* [WORK REQUEST]:
Report all lines in the records that hold the string "View".

*** EXERCISE MATERIAL ***

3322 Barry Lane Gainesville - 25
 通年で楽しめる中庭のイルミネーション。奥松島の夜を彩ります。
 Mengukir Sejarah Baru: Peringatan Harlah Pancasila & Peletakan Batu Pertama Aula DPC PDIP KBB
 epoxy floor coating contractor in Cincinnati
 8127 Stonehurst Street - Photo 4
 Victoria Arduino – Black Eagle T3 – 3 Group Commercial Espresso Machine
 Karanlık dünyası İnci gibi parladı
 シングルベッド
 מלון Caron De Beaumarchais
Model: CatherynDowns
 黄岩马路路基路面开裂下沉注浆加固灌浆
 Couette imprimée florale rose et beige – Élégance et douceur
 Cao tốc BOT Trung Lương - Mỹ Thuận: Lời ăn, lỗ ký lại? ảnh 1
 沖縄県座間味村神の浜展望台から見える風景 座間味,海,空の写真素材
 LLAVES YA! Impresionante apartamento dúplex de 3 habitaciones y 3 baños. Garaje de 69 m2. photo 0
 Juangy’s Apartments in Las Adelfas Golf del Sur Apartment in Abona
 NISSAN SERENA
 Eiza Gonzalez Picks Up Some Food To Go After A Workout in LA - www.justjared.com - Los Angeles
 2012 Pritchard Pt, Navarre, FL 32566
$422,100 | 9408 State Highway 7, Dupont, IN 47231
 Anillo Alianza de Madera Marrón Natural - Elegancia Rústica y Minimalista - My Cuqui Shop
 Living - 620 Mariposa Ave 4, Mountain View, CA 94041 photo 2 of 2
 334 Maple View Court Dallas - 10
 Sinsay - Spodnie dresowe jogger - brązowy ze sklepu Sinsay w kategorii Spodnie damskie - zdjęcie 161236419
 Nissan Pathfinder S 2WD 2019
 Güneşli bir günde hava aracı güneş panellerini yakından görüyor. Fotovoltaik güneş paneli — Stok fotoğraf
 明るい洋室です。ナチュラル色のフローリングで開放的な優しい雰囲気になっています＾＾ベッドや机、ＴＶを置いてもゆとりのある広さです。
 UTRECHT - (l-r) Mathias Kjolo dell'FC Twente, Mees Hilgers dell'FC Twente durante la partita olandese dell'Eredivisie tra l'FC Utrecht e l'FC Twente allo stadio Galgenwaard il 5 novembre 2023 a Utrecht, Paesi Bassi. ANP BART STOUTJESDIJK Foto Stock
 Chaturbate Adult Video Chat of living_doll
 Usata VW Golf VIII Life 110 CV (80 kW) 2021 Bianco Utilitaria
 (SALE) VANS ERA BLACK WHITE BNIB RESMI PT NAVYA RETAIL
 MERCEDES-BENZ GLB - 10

*** End of EXERCISE MATERIAL ***

* [SOLVED EXERCISE]:
 Living - 620 Mariposa Ave 4, Mountain View, CA 94041 photo 2 of 2
 334 Maple View Court Dallas - 10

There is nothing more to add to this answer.